THE PROBLEM:
When you copy from the entries that follow, take only the lines from the one with "BLOCK OF FOUR." down to the one with "Large Flip-Top Wooden Lantern", keeping both ends and dropping every picture.

SOURCE MATERIAL:

* * *

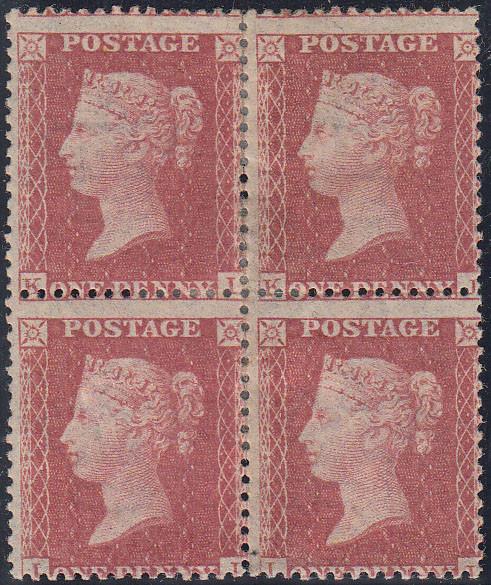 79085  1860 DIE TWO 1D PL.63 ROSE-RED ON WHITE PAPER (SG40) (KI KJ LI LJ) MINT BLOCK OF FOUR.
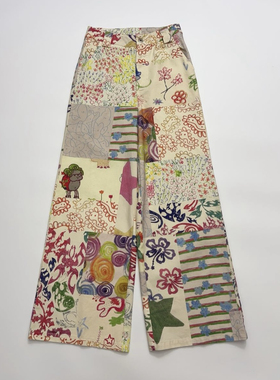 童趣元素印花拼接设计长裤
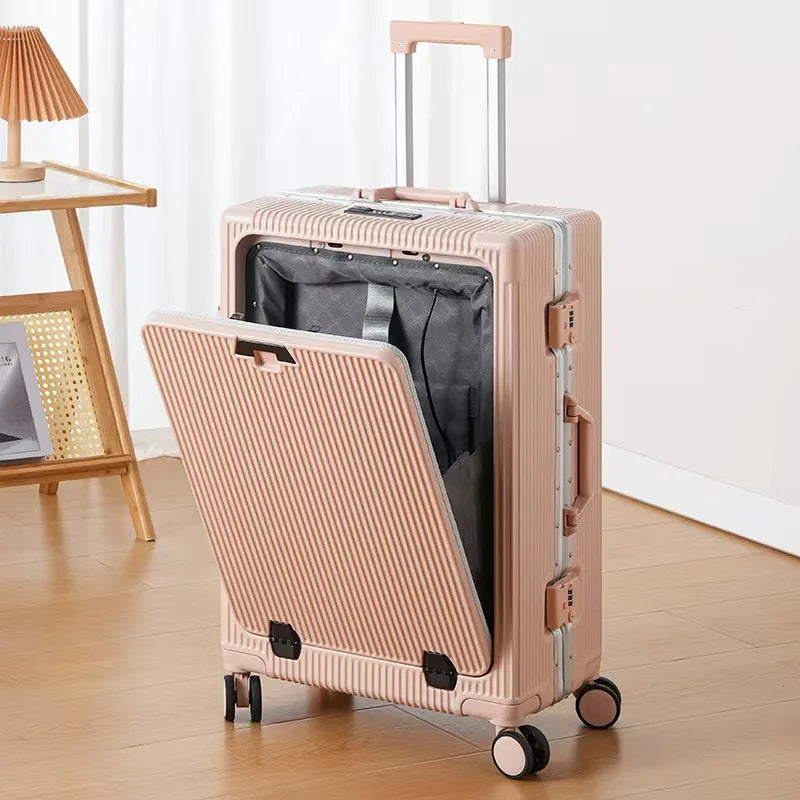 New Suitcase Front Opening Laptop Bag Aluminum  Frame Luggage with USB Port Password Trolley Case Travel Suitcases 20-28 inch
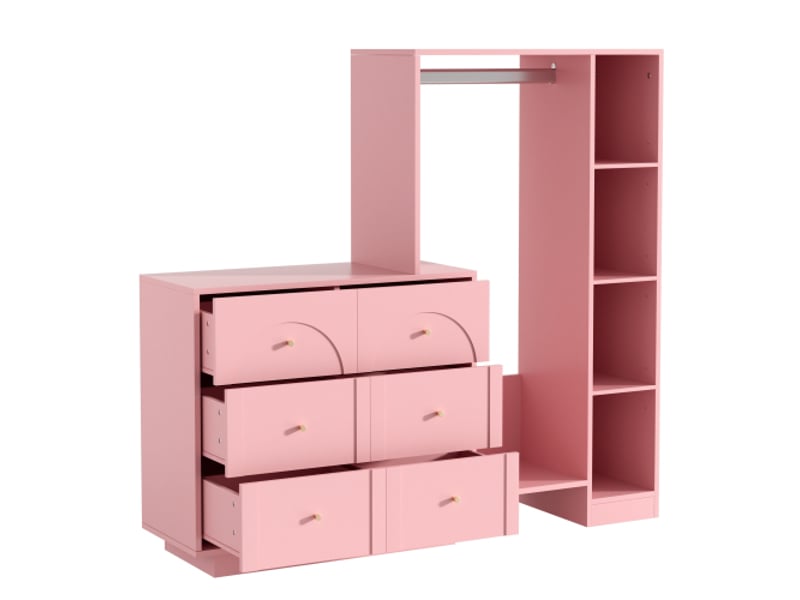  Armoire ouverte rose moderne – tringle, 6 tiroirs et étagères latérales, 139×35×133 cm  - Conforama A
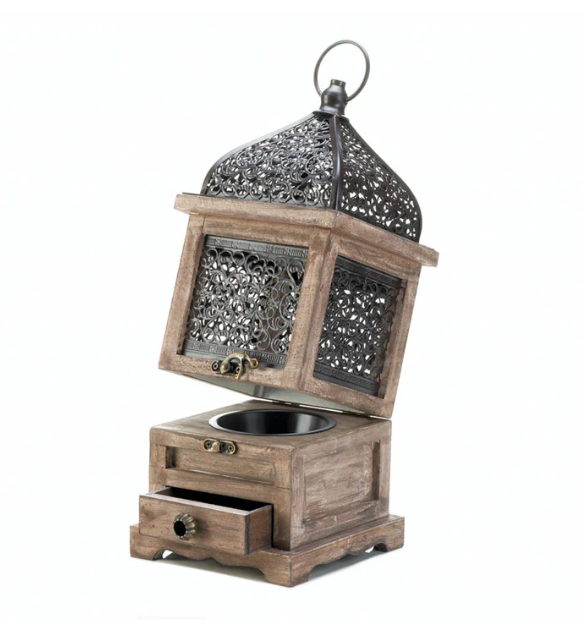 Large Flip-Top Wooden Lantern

* * *

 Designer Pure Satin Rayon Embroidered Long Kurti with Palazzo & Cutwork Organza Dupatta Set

* * *

ANSWER TO THE PROBLEM:
 79085  1860 DIE TWO 1D PL.63 ROSE-RED ON WHITE PAPER (SG40) (KI KJ LI LJ) MINT BLOCK OF FOUR.
 童趣元素印花拼接设计长裤
 New Suitcase Front Opening Laptop Bag Aluminum  Frame Luggage with USB Port Password Trolley Case Travel Suitcases 20-28 inch
  Armoire ouverte rose moderne – tringle, 6 tiroirs et étagères latérales, 139×35×133 cm  - Conforama A
 Large Flip-Top Wooden Lantern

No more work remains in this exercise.